È legittimo discutere
se gli interventi sulle banche in difficoltà siano stati tempestivi.
Quello sul Monte dei Paschi che Visco fece nelle prime settimane del suo
mandato, autunno del 2011, lo fu. Per alcuni dei successivi,
soprattutto la Banca popolare di Vicenza che era guidata da un gruppo di
potere molto influente sia in Veneto sia a Roma, si possono avere
dubbi.
Ma i politici dove erano? Dalla parte opposta.
Quasi
sempre da ogni parte del Parlamento sono venute pressioni per non
drammatizzare o per evitare interventi traumatici; in un caso almeno, il
commissariamento della Cassa di Risparmio di Chieti nel settembre 2014,
anche il M5S protestò. Nel caso di Banca Etruria si era adoperata
appunto l’allora ministra Maria Elena Boschi.
L’assorbimento di
una banca in difficoltà da parte di una più grande è sempre parsa ai
politici la soluzione più opportuna per lavare i panni sporchi in casa,
non turbare gli assetti di potere ed evitare conseguenze giudiziarie.

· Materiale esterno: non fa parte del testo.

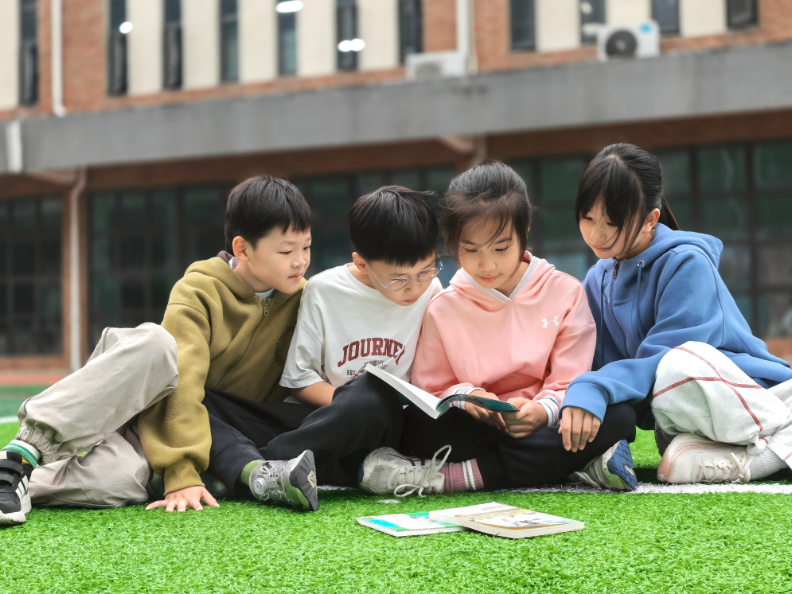 定格校园秋日浪漫｜长沙市雨花区枫树山明昇小学：秋光漫校园，书香伴少年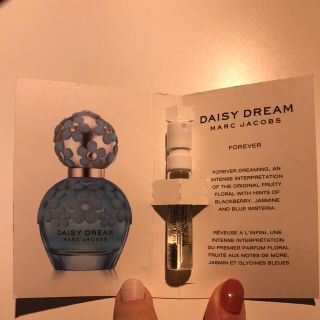 マークジェイコブス(MARC JACOBS)のデイジー ドリーム フォーエバー 1.2ml MARCJACOBS(香水(女性用))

Nel caso di Banca Etruria si parla appunto di svariati tentativi di
questo tipo; e altro forse verrà a galla, nell’inasprirsi dello scontro.
Su
questo l’amministratore delegato di Unicredit ha promesso di parlare
davanti alla Commissione parlamentare di inchiesta. In un’altra fase
girò l’ipotesi di un intervento della Popolare vicentina, finita nel
baratro essa stessa. Alcuni degli imputati hanno attribuito il
suggerimento alla Banca d’Italia, la quale tuttavia è convinta di poter
dimostrare di non esserne stata parte.
«Sbagliai a fidarmi della
Banca d’Italia» recente affermazione di Matteo Renzi, è una frase
ambigua, che si presta a diverse letture. Ne è sempre mancata una
esplicazione precisa: quando, come, su quali banche. Cosicché si è
tentati di sospettare che il rancore derivi non da ciò che la Banca
d’Italia ha mancato di fare, ma da ciò che, magari un pochino tardi, ha
fatto.
All’attacco improvviso oltre a capi d’accusa articolati
mancano anche proposte alternative. Di personaggi esterni di autorità e
competenza indiscutibili ce ne sarebbero, per dare una nuova guida alla
Banca d’Italia; ma nessuno di essi pare sia mai venuto in mente a chi
conduce l’attacco.
Oltretutto, per sostenere la linea Draghi nel
consiglio Bce contro le pressioni tedesche serve un governatore
rispettato all’estero, capace di esprimersi con proprietà sulle
intricate faccende della moneta. Un italiano non all’altezza sarebbe un
colossale autogol per l’economia del nostro Paese.